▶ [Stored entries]
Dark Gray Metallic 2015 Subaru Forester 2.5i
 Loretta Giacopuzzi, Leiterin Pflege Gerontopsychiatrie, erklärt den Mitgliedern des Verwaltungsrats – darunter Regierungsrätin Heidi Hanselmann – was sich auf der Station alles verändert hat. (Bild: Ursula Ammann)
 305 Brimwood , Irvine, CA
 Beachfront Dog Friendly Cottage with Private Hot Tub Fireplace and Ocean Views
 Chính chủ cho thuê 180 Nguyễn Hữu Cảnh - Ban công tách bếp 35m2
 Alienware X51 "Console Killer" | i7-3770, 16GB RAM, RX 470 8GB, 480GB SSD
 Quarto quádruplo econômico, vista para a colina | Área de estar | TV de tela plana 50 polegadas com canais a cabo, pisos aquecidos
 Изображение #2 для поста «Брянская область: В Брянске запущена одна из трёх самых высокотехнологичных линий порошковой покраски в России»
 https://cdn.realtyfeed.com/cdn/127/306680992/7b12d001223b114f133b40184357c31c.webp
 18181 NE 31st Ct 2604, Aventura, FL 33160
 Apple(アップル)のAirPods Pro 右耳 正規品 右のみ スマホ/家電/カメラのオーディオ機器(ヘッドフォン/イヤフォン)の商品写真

▶ [About this exercise]
Would you please copy the lines above, from the one holding "Chính chủ cho" through the last, and nothing else?

▶ [Result for this exercise]
 Chính chủ cho thuê 180 Nguyễn Hữu Cảnh - Ban công tách bếp 35m2
 Alienware X51 "Console Killer" | i7-3770, 16GB RAM, RX 470 8GB, 480GB SSD
 Quarto quádruplo econômico, vista para a colina | Área de estar | TV de tela plana 50 polegadas com canais a cabo, pisos aquecidos
 Изображение #2 для поста «Брянская область: В Брянске запущена одна из трёх самых высокотехнологичных линий порошковой покраски в России»
 https://cdn.realtyfeed.com/cdn/127/306680992/7b12d001223b114f133b40184357c31c.webp
 18181 NE 31st Ct 2604, Aventura, FL 33160
 Apple(アップル)のAirPods Pro 右耳 正規品 右のみ スマホ/家電/カメラのオーディオ機器(ヘッドフォン/イヤフォン)の商品写真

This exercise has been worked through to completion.